## Dataset section
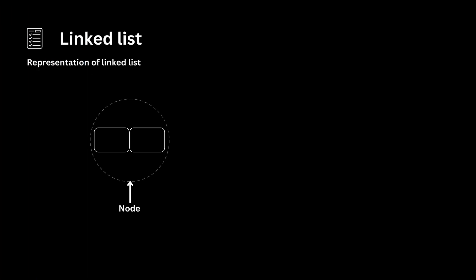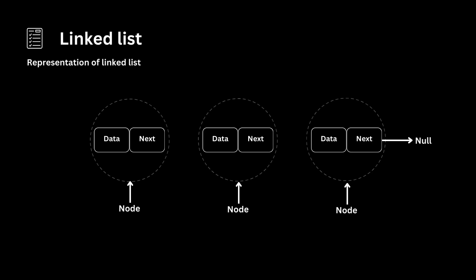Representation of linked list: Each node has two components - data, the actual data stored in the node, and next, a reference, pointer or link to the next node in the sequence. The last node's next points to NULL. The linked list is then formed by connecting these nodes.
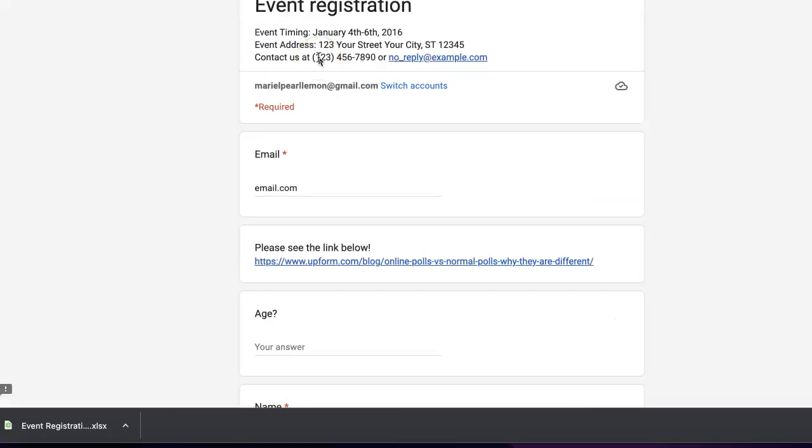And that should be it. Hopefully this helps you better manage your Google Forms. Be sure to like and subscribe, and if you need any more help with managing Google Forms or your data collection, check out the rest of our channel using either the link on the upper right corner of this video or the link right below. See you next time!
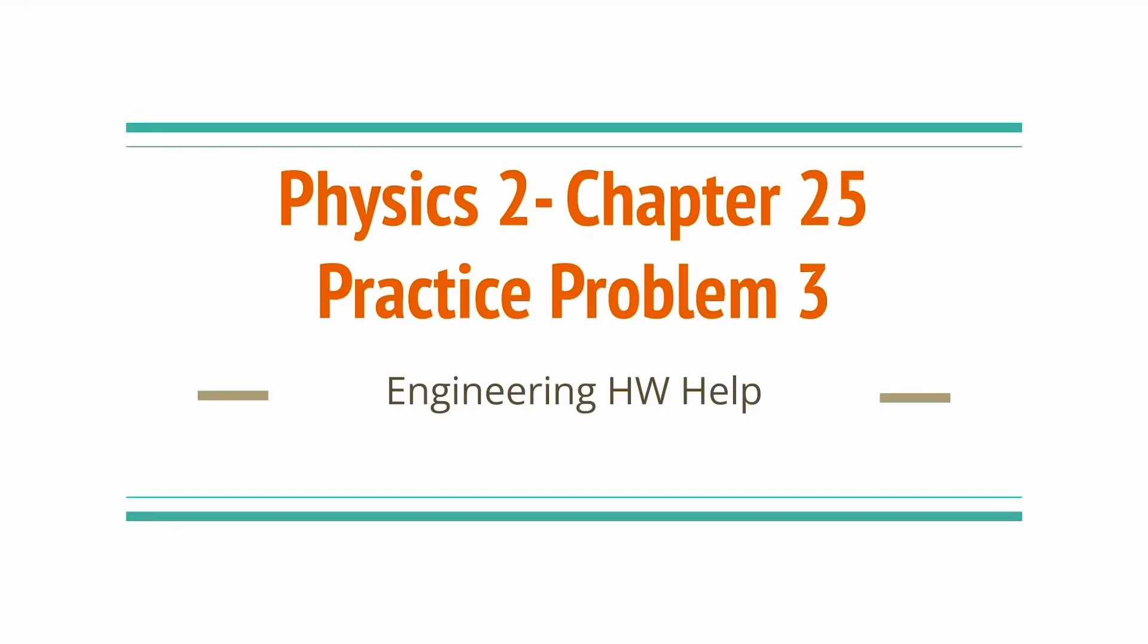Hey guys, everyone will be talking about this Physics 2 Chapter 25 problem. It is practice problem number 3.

## What the task asks
What the answer must hold is the exact text of every line from the one containing "And that should" through the end of the data, minus any pictures.

## Result of the exercise
And that should be it. Hopefully this helps you better manage your Google Forms. Be sure to like and subscribe, and if you need any more help with managing Google Forms or your data collection, check out the rest of our channel using either the link on the upper right corner of this video or the link right below. See you next time!
Hey guys, everyone will be talking about this Physics 2 Chapter 25 problem. It is practice problem number 3.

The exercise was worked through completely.